> Exercise directions: The expected answer is a verbatim transcription of the lines below, beginning with the first and ending with the line that holds "СРСР СССР ^/--/^", without pictures.

> Records to use:
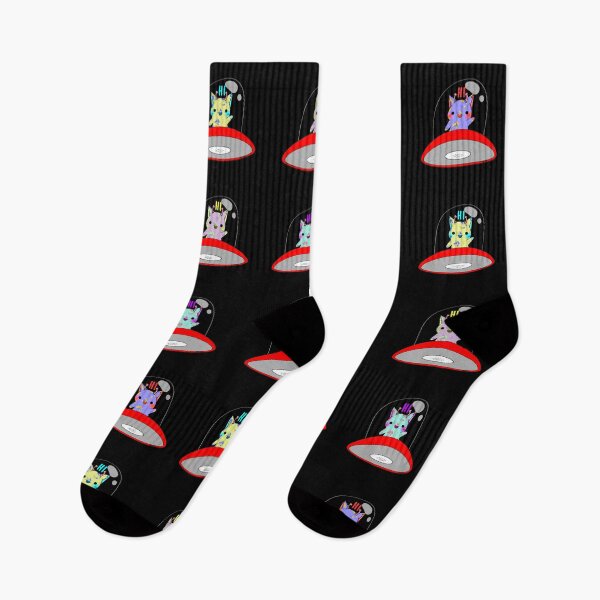 Item preview, Adorable Space Alien Cats Pattern designed and sold by Serotonin4u.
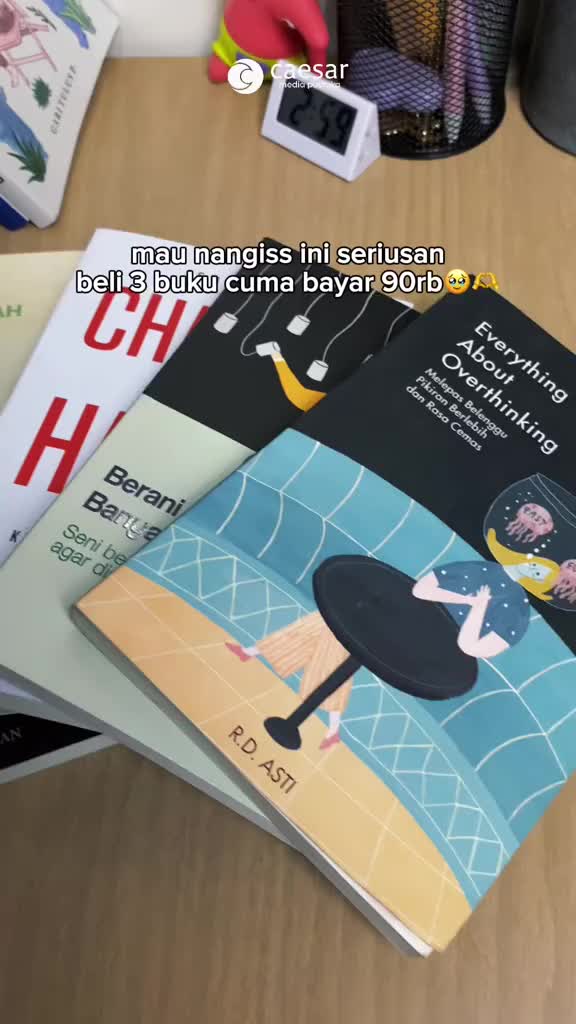Promo Bundling Buku Bebas PIlih 3 Buku Self Help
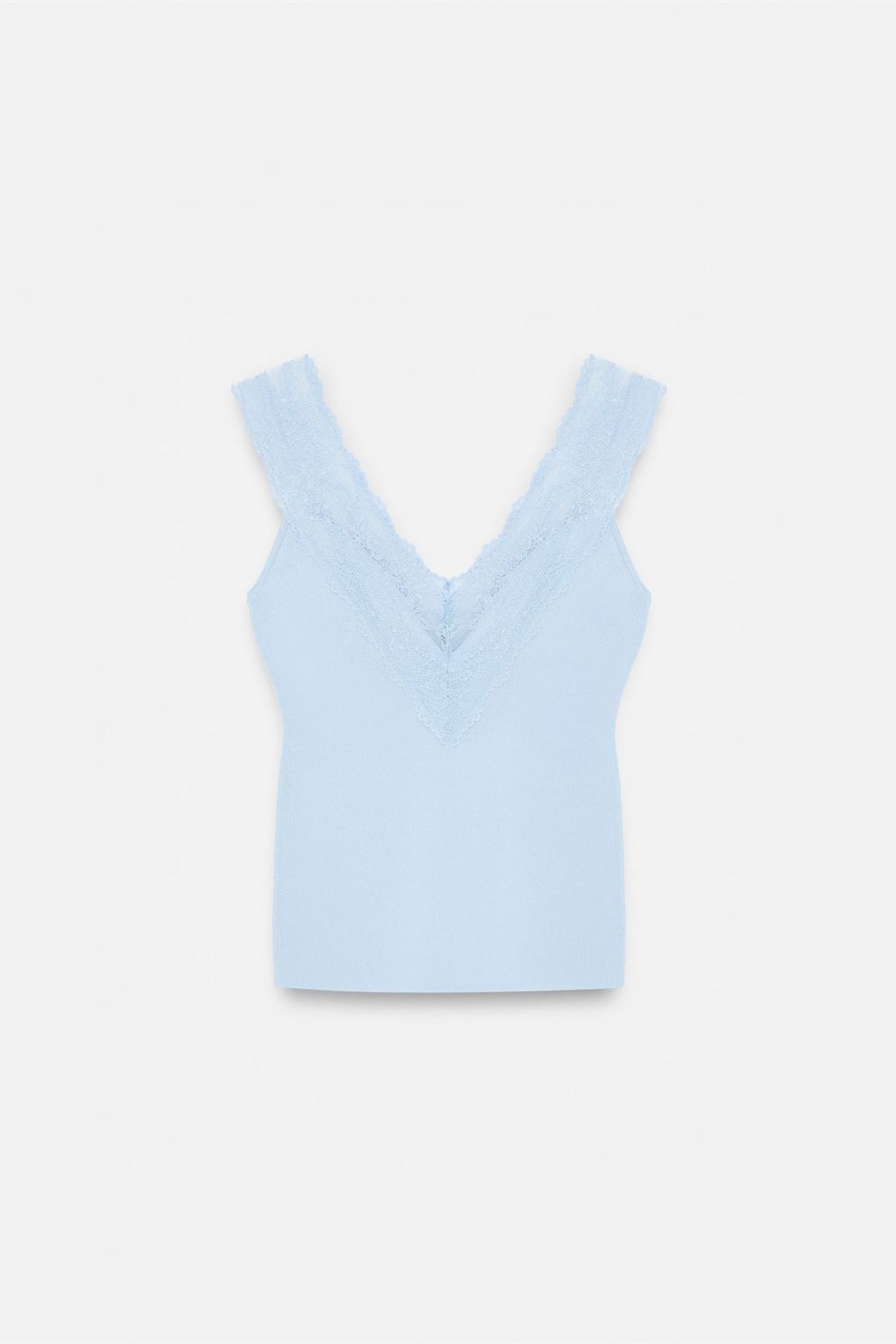 DILVIN Fitted Sleeveless Lace Blouse 5
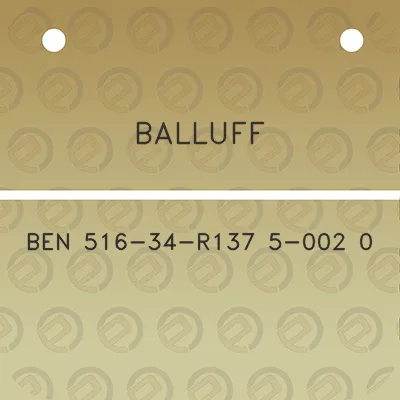 balluff-ben-516-34-r137-5-002-0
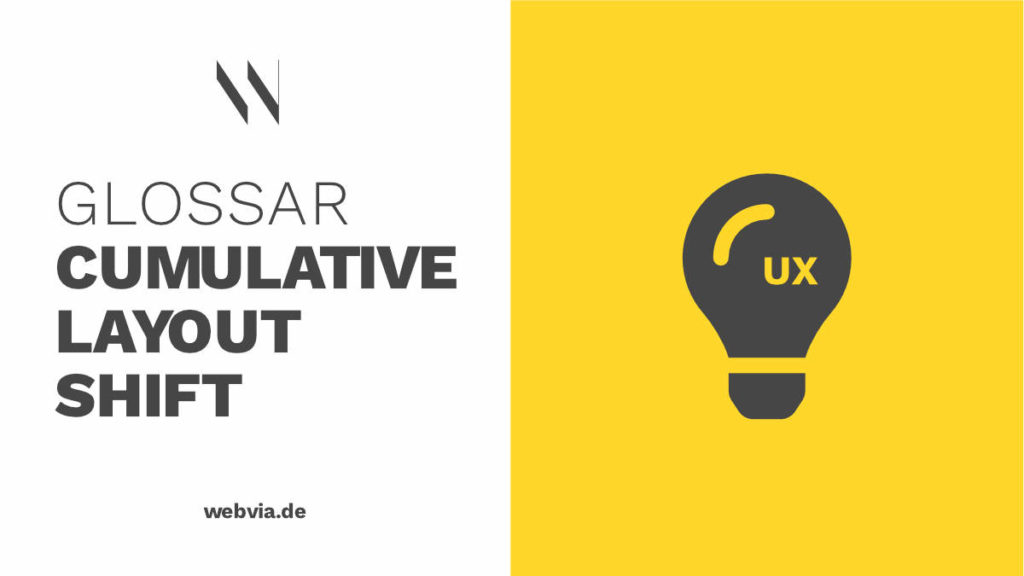 Glossar Cumulative Layout Shift Thumbnail-Grafik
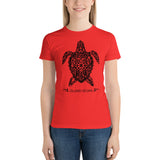 Vegan Island Turtle Short sleeve women's t-shirt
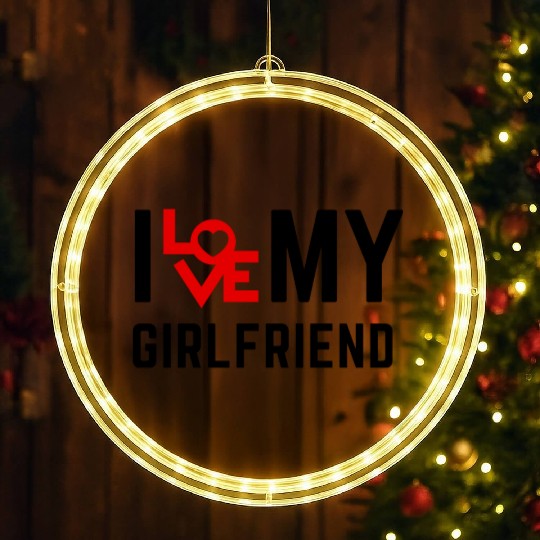 I love my girlfriend LED Christmas Window Lights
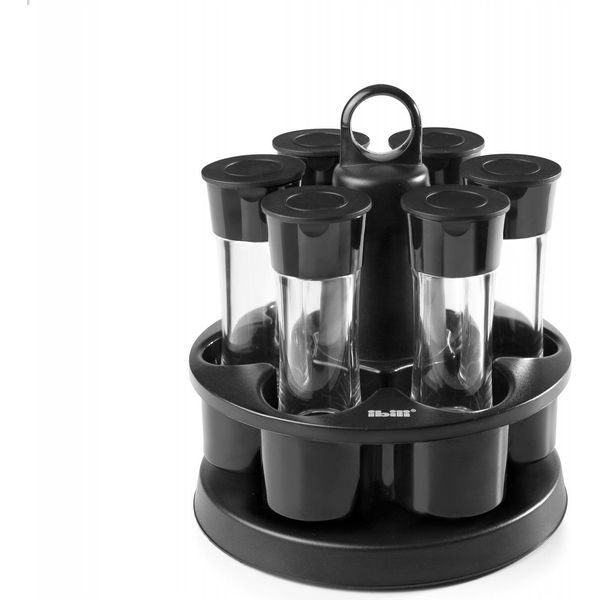 Set Di 6 Contenitori Per Spezie Ibili-Salades, Plastica, 18X21,5 Cm, Trasparenti-image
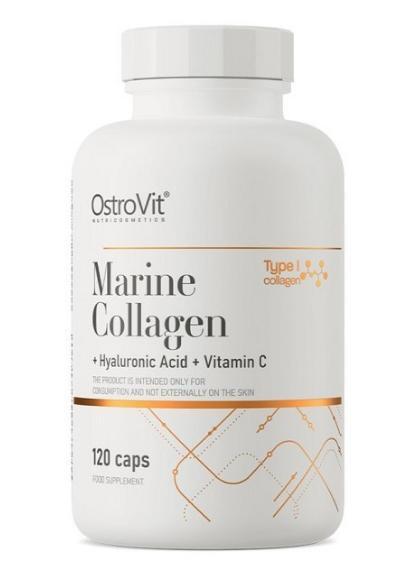 OstroVit Marine Collagen with Hyaluronic Acid and Vitamin C 120 капсул, фото 1
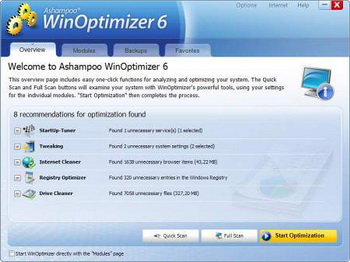 Ashampoo WinOptimizer Platinum Suite 6 v.6.23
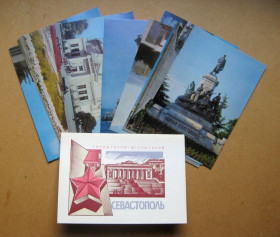 СРСР СССР ^/--/^ СЕВАСТОПОЛЬ = повний набір ДМПК 1977 р. = 10 шт. ^_^^^ СЕВАСТОПОЛЬ = полный набор ДМПК 1977 г. = 10 шт. - фото фото фото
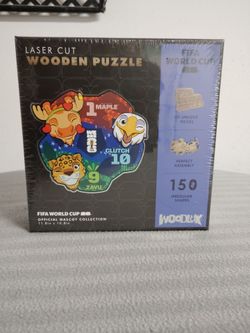 Woodlux FIFA World Cup 26 Official Mascot Collection Laser Cut Wooden Puzzle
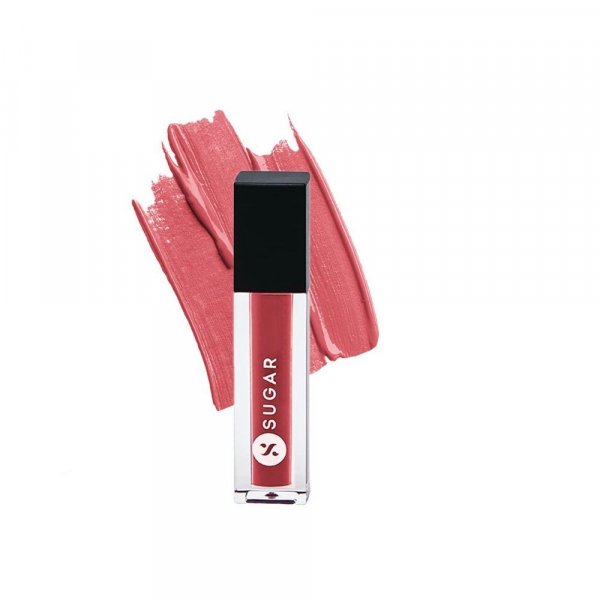 SUGAR Cosmetics - Smudge Me Not - Mini Liquid Lipstick - 44 Preach Peach - 1.1 ml - Ultra Matte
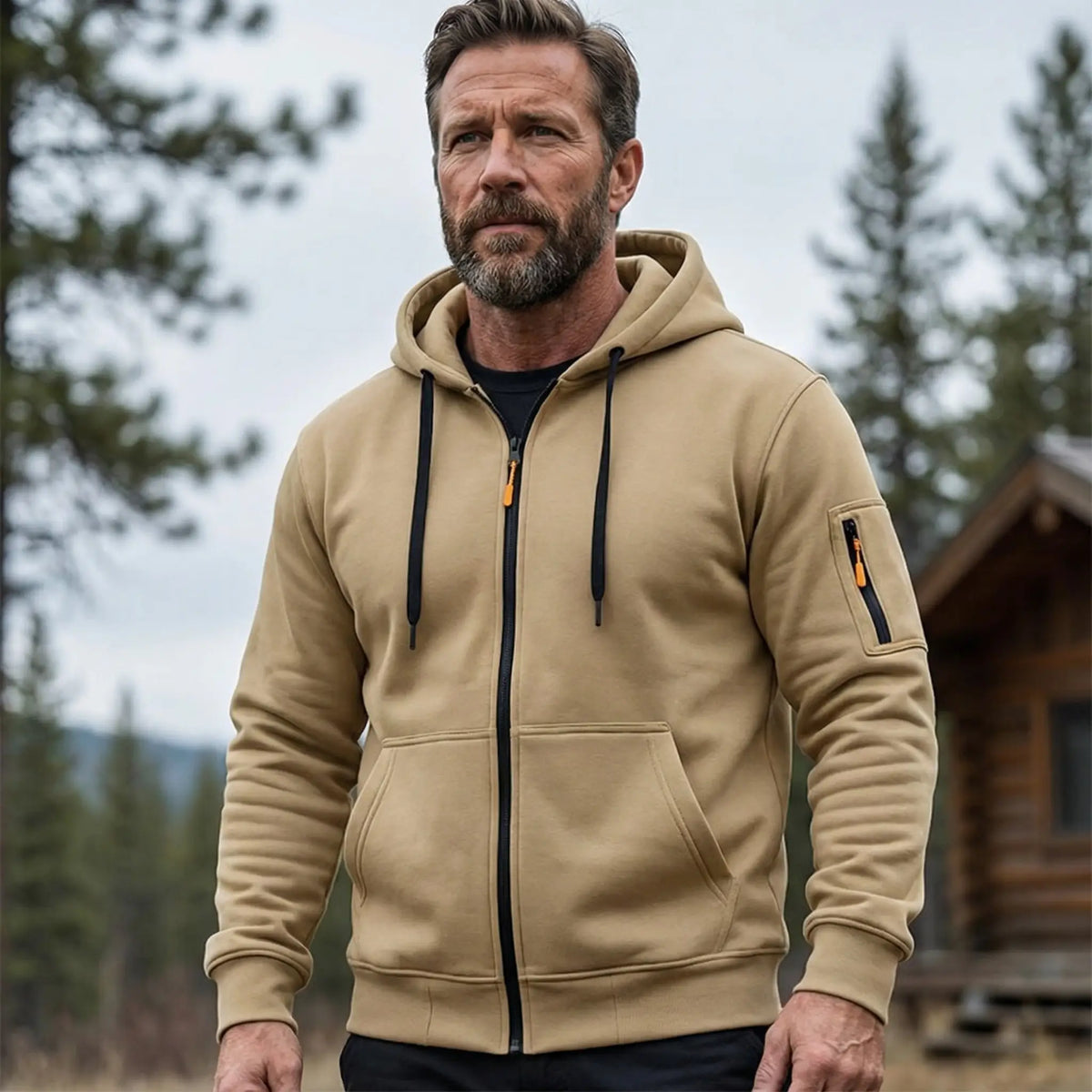 Tyler | Sudadera de Forro Polar con Cremallera Completa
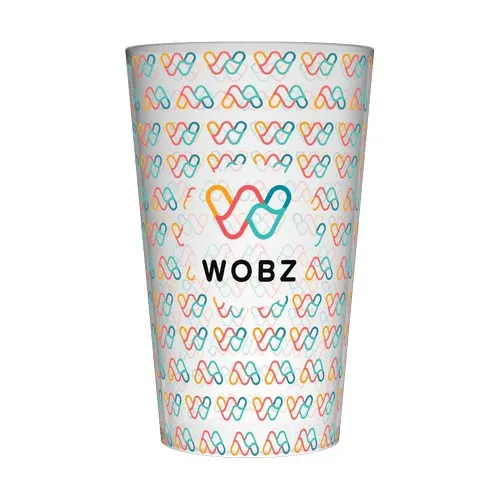 Gobelet réutilisable personnalisé 25cl - Quadri Saver (Fond Wobz)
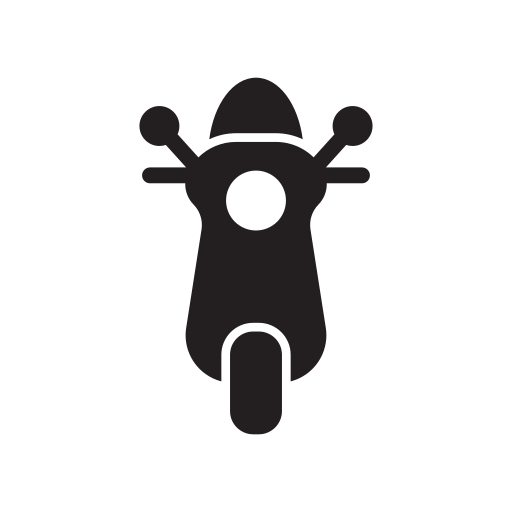 Front, motor, motorcycle, scoot, scooter, view icon - Free download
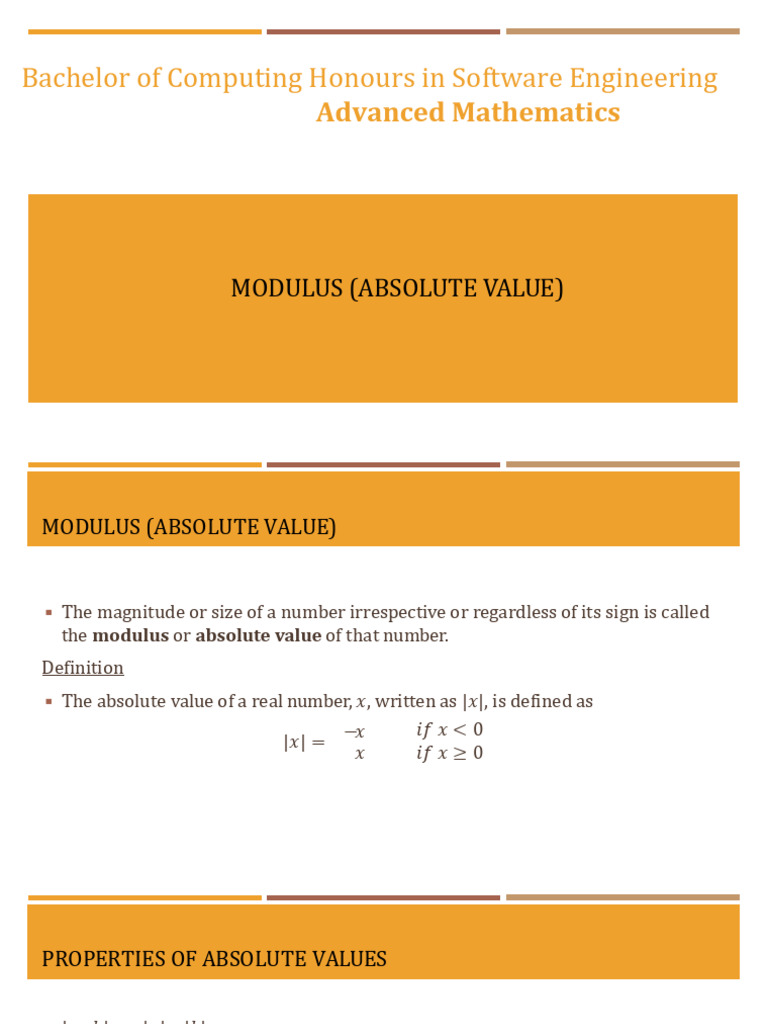 Advanced Mathematics - Lesson 03 | PDF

> The completed task:
 Item preview, Adorable Space Alien Cats Pattern designed and sold by Serotonin4u.
Promo Bundling Buku Bebas PIlih 3 Buku Self Help
 DILVIN Fitted Sleeveless Lace Blouse 5
 balluff-ben-516-34-r137-5-002-0
 Glossar Cumulative Layout Shift Thumbnail-Grafik
 Vegan Island Turtle Short sleeve women's t-shirt
 I love my girlfriend LED Christmas Window Lights
 Set Di 6 Contenitori Per Spezie Ibili-Salades, Plastica, 18X21,5 Cm, Trasparenti-image
 OstroVit Marine Collagen with Hyaluronic Acid and Vitamin C 120 капсул, фото 1
 Ashampoo WinOptimizer Platinum Suite 6 v.6.23
 СРСР СССР ^/--/^ СЕВАСТОПОЛЬ = повний набір ДМПК 1977 р. = 10 шт. ^_^^^ СЕВАСТОПОЛЬ = полный набор ДМПК 1977 г. = 10 шт. - фото фото фото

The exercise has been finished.